Link Search Menu Expand Document

HOW TO CONTRIBUTE

  1. Get a GitHub account. You do not need to know Git to contribute to LOST, but you do need a GitHub account.
  2. Read the Guide to GitHub Markdown which will show the syntax that is used on LOST pages.
  3. Read the below LOST Writing Guide, which shows what a good LOST page looks like from top to bottom. Even if you are just adding another language to an existing page, be sure to read the Implementations section at the bottom.
  4. Explore LOST using the navigation bar on the left, find a page that needs to be expanded, and add more content. Or find one that doesn’t exist but should (perhaps on the Desired Nonexistent Pages list, and write it yourself! Go to the GitHub Repository for LOST to find the appropriate file to edit or folder to create your new file in.
  5. If you are a “Contributor” to the project, you can make your edits and changes directly to the repository. If not, you will need to issue a pull request to get your work on LOST. We will add you as a contributor after your first accepted pull request. If you don’t know Git or how to do a pull request, please post in Issues asking to be added as a contributor so you can edit LOST directly.
  6. If you’ve made a new page, make sure it’s saved as a .md file, put it in the appropriate folder, and add Navigation Information at the top (see below). If you’ve written a Desired Nonexistent Page, be sure to remove it from the list. Or, if your page links to some new nonexistent pages, add those to the list! Also, try to see if other pages have attempted to link to the page you’re working on, and update their links so they go to the right place.

LOST WRITING GUIDE

A LOST page is intended to be a set of instructions for performing a statistical technique, where “statistical technique” is broadly defined as “the things you do in statistical software”, which includes everything from loading data to estimating models to cleaning data to visualization to reproducible notebooks.
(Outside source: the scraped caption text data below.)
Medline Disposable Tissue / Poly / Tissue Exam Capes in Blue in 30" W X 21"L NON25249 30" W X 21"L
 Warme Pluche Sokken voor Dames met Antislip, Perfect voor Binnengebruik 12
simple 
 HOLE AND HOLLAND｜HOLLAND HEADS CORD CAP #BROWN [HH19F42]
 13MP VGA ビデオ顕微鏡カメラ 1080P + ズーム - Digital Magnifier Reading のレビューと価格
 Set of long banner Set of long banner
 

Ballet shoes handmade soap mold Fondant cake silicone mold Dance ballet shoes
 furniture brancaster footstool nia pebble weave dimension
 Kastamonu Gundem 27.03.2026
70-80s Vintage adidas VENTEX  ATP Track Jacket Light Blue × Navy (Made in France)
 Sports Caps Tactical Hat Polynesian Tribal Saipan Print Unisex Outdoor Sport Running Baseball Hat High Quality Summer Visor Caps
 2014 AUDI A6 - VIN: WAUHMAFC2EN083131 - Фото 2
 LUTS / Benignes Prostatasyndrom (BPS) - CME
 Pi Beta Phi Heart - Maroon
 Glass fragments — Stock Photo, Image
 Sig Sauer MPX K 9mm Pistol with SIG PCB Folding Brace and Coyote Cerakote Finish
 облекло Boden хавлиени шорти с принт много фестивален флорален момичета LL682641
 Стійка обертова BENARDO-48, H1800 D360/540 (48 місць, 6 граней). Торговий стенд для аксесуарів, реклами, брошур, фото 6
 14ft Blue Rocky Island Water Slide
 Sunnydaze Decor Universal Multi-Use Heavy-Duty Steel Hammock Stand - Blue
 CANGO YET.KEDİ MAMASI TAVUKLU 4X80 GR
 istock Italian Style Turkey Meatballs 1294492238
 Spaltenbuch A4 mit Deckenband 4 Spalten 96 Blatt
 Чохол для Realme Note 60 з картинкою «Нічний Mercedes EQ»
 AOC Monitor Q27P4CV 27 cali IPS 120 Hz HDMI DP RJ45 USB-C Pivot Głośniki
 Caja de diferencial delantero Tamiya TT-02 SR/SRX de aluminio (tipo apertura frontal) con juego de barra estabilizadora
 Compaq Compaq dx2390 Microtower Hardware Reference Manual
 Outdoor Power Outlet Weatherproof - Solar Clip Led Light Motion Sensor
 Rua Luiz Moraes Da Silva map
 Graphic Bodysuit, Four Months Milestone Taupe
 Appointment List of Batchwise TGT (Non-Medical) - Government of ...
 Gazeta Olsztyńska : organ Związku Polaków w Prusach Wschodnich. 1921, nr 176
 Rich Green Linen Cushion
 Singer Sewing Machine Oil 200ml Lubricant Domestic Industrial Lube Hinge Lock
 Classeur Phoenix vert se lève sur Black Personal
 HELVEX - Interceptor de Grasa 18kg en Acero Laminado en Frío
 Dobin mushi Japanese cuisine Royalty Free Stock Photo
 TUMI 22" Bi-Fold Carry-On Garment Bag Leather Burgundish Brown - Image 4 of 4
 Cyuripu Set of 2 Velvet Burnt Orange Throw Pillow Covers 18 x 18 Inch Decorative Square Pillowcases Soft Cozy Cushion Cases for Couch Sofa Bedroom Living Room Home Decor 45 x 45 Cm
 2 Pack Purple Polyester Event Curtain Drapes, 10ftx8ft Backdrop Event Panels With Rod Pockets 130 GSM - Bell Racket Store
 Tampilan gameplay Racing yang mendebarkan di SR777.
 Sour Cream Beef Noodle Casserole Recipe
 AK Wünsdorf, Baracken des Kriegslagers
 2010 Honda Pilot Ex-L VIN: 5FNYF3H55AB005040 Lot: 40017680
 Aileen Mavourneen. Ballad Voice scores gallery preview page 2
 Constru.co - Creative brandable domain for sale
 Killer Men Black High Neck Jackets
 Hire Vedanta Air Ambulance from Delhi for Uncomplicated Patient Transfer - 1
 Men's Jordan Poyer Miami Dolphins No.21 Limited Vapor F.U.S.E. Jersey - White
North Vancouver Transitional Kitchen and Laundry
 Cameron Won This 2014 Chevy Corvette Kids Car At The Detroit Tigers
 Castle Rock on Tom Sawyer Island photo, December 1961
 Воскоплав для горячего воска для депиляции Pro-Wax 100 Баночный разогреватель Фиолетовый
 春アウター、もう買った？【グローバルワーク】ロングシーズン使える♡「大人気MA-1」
After someone reads a LOST page, they should have a decent idea of:

  • How to implement at least a basic version of what they want to do in the language/software they’re using
  • What common pitfalls there might be in what they’re doing
  • What are the pros and cons of meaningfully-different ways of doing the same thing, if relevant
  • Given what they’re doing, what else should they consider doing (for example, if they’re running a regression discontinuity design, you might suggest they also run a test for bunching on either side of the cutoff)

Things to remember while writing:

  • Be as clear as possible. You’re writing a set of instructions, in effect. People should be able to follow them.
  • The technical ability of the reader may vary by page. People reading a LOST page about how to calculate a mean probably have little experience with their software and will need a lot of hand-holding. You can assume that people reading a LOST page about Markov-Chain Monte Carlo methods probably already have a fairly solid background.

Markdown

LOST pages are written in Markdown. Markdown is a lightweight and easy-to-use syntax for styling your writing. It includes conventions for

Syntax highlighted code block

# Header 1
## Header 2
### Header 3

- Bulleted
- List

1. Numbered
2. List

**Bold** and _Italic_ and `Code` text

![Image](src)

Note that links in LOST are relative links - when linking to another LOST page, don’t use the full URL. Instead of regular-markdown

[Page](url)

instead do, for example:

/Category/page.html

For more details see GitHub Flavored Markdown.

Math

Math is rendered with MathJax, which provides support for \(\LaTeX\) math formatting. To use on a specific page, make sure that the YAML at the top on the underlying Markdown (i.e. .md) file includes a line saying mathjax: true. This should already be the default on most existing pages, but it is worth emphasising. For example, here is a screenshot of the “Contributing.md” file that you are reading right now.

MathJax example

After that, equations and other math sections can be delimited with two dollar symbol pairs. For example, $$x = \frac{1}{2}$$ is rendered inline as \(x = \frac{1}{2}\). Similarly, we can render math in display mode (i.e. as a distinct block) by wrapping the dollar symbol pairs on separate lines. For example,

$$
y =  \beta_0 + \beta_1 x + \beta_2 x^2 + \epsilon
$$

is rendered as display math:

\[y = \beta_0 + \beta_1 x + \beta_2 x^2 + \epsilon\]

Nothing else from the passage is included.